### Directions
Retype, word for word, only the lines from the one containing "NE16 6JF map" through the last line of the listing below. Pictures do not belong in the result.

### Available data
------------------------------------------------

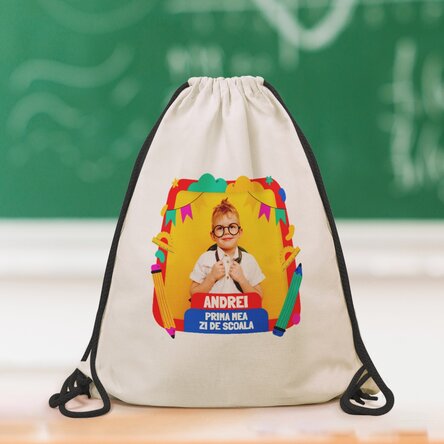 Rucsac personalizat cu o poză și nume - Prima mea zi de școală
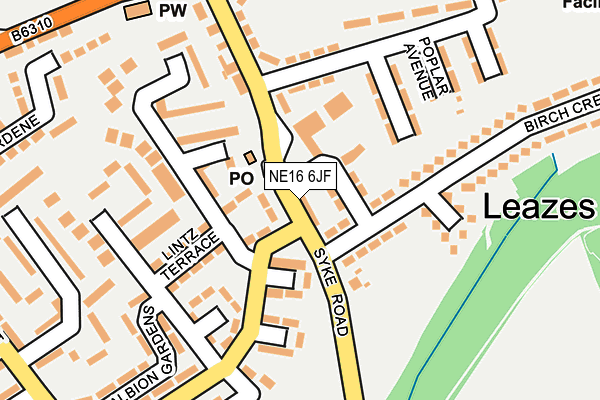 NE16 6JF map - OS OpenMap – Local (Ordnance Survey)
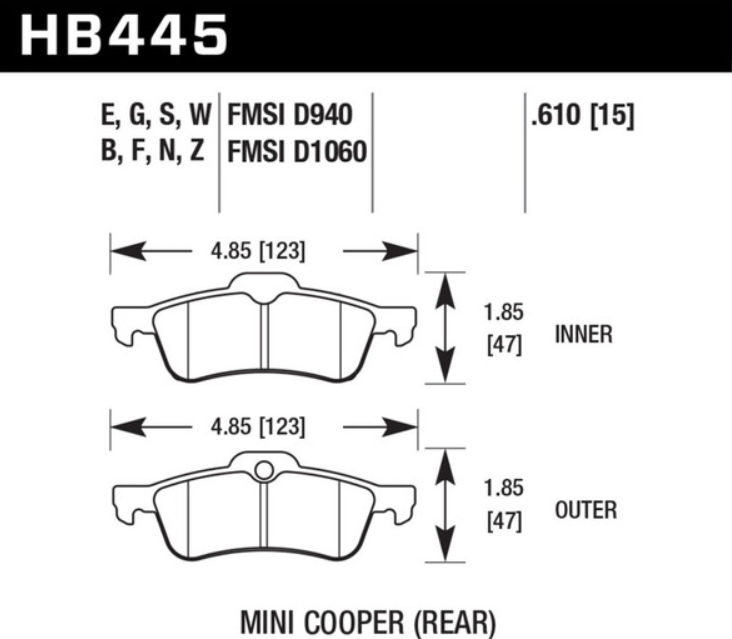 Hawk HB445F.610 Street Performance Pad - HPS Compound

------------------------------------------------

### Task result
 NE16 6JF map - OS OpenMap – Local (Ordnance Survey)
 Hawk HB445F.610 Street Performance Pad - HPS Compound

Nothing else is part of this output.